\documentclass{amsart}
\input ellc/emac
%\input emac

\title{Homework 3}
\author{Topics in AG: Elliptic Curves}
\begin{document}
\maketitle

Due April 19, 2004

\bigskip
 
\begin{enumerate}

\item Compute the torsion group $E(\Q)_\trs$ for the
      elliptic curve $y^2 = x^3+1$. (Euler proved that
      these are the only rational points on $E$).    

\item Consider the elliptic curve $E: y^2 = x^3 + b$ with $b \in \Z$;
      For any odd prime $p \equiv 2 \bmod 3$ we have $\# E(\F_p) = p+1$.

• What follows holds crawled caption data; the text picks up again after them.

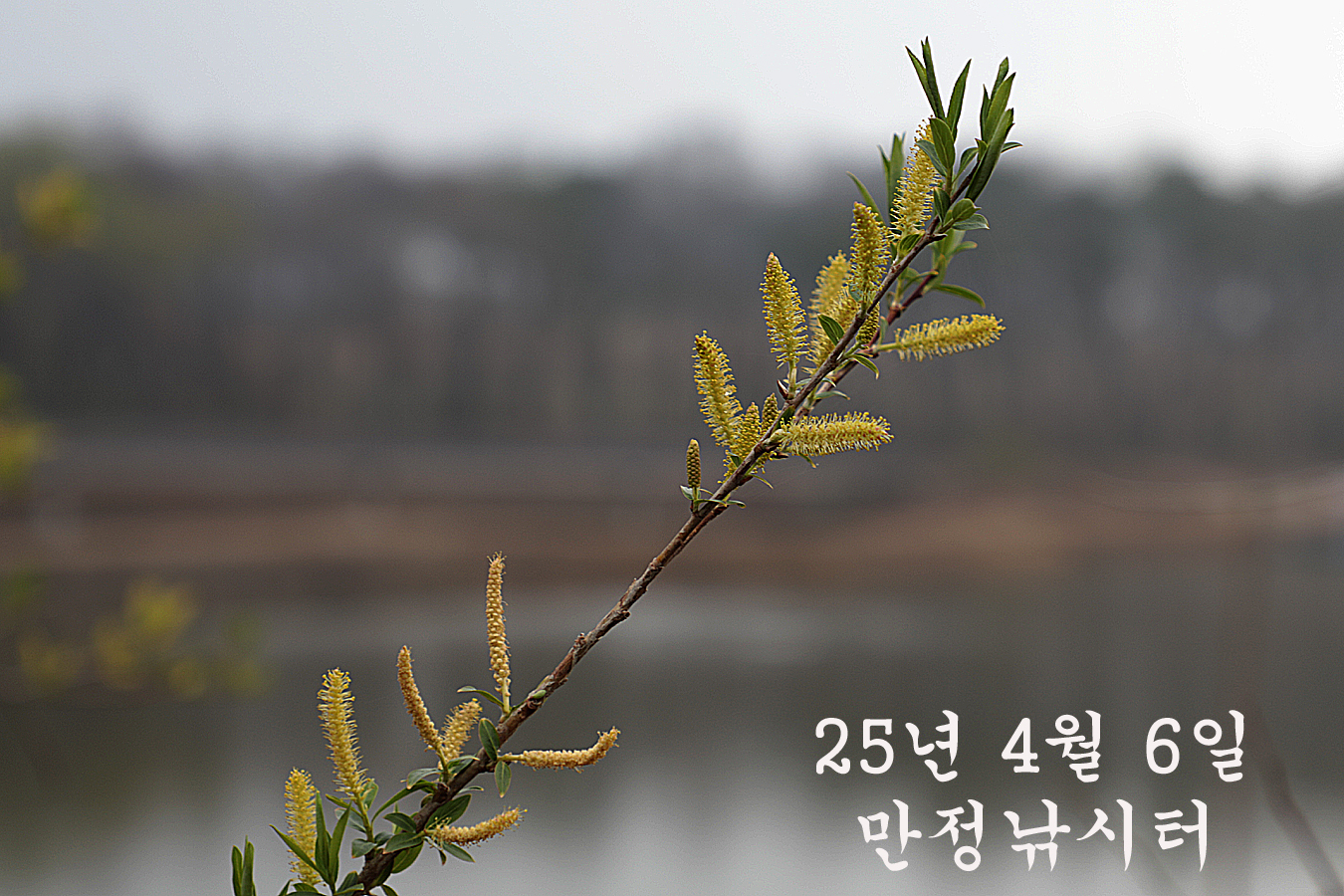 abd95100a64e9a6ba7833ea14c3cf7fb_1743936836_0589.jpg abd95100a64e9a6ba7833ea14c3cf7fb_1743936836_0589.jpg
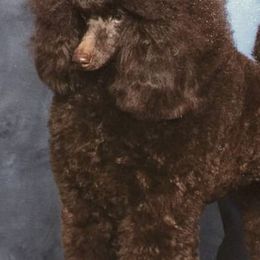 Poodles from Maestoso Poodles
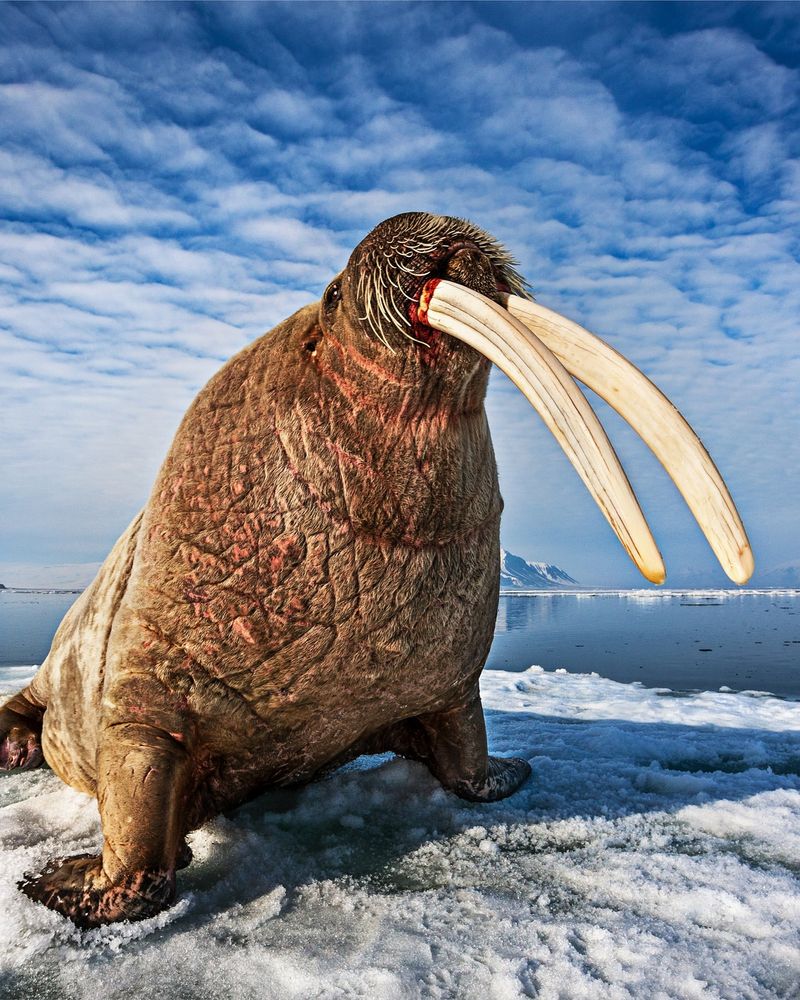 Walrus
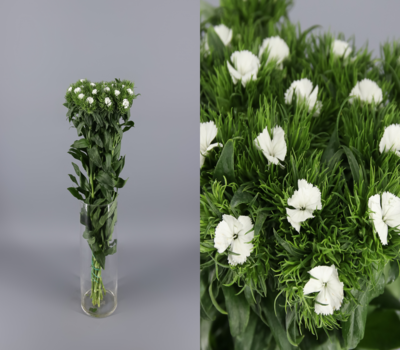 Relleno flor Flores Trevin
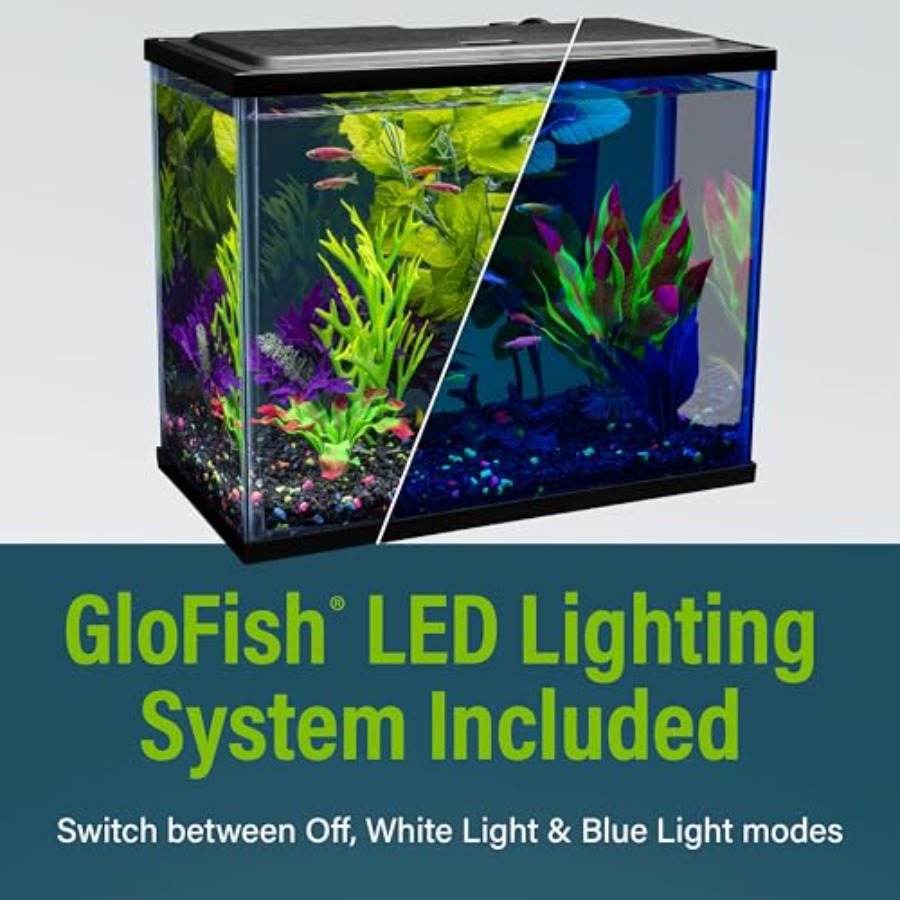 Aquarium Starter Kit 6.6 Gallo - Tetra Fish In Aquarium のレビューと価格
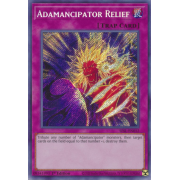 SESL-EN012 Adamancipator Relief Secret Rare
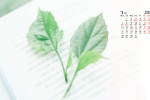 2022年3月绿色清新桌面日历壁纸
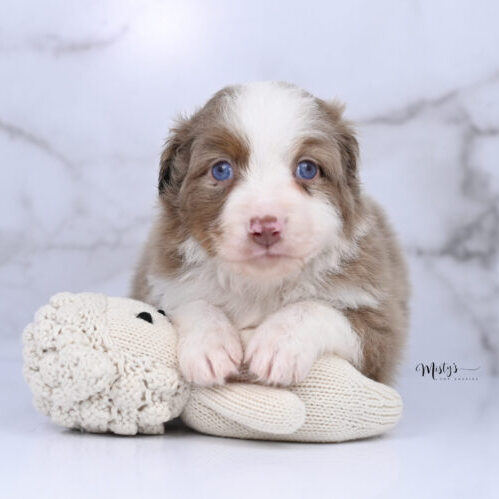 Toy Australian Shepherd Puppies Legend 5 Weeks81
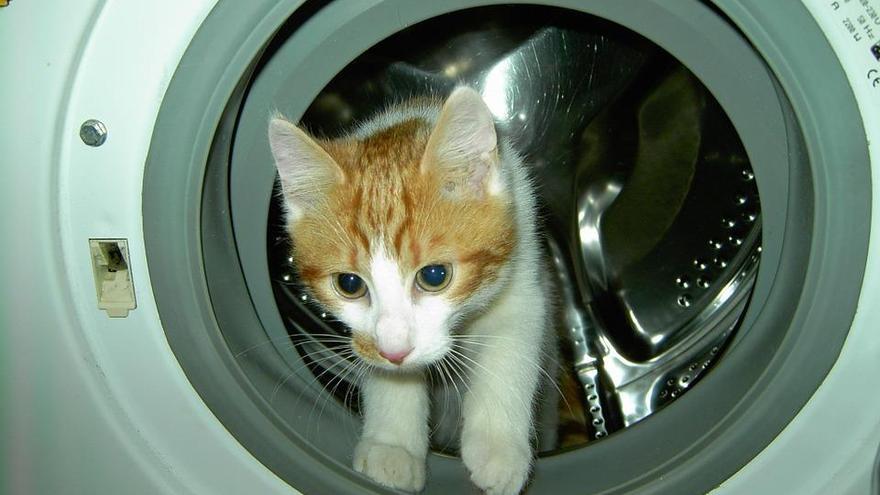 Lavó a su gato en una lavadora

\item Let $E: y^2 = x^3 + b$ be an elliptic curve, where 
      $b \in \Z$ is not divisible by a sixth power $\ne 1$. 
      Then
      $$ E(\Q)_\trs \simeq \begin{cases} 
               \Z/6\Z, & \text{if} \ b = 1; \\
               \Z/3\Z, & \text{if} \ b = -432 \ \text{or}\ 
                          1 \ne b \ \text{is a square}; \\
                \Z/2\Z  & \text{if $1 \ne b$ is a cube}; \\
                0  & \text{otherwise.} \end{cases} $$

\item Consider the conic $\cP: X^2 - dY^2 = 1$ for squarefree
      integers $d$. 
      \begin{enumerate}
      \item Show that 
         $$ \cP^{(n)} = 
         \{(x,y) \in \cP(\Z_p): x - 1 \equiv y \equiv 0 \bmod p^n\} $$
         are subgroups of $\cP(\Z_p)$ for all $n \ge 0$.  
      \item Show that, for $p > 2$, the map $u: \cP^{(1)} \lra \Z_p$ 
         that sends $P = (x,y)$ to $u(P) = \frac{x-1}y$ is well defined. 
         Give a convincing reason why we should put $u((1,0)) = 0$. Show 
         that for $p=2$, $u$ is defined on $\cP^{(2)}$.
      \item Show that $|u(kP)| = |k| \cdot |u(P)|$ for all 
         $P \in \cP^{(1)}$ and all $k \ge 1$; here $|a|$ denotes the
         $p$-adic absolute value on $\Z_p$. (Try $k = 2$ first;
         I also suspect that 
         $|u(P+Q) - u(P) - u(Q)| < \max \{|u(P)|^2, |u(Q)|^2\}$,
         but haven't found a proof yet). 
      \item Show that $\cP^{(1)}$ is torsion free for $p > 2$,
         and that $\cP^{(2)}$ is torsion free for $p = 2$.
      \end{enumerate}
 
\end{enumerate}      

\end{document}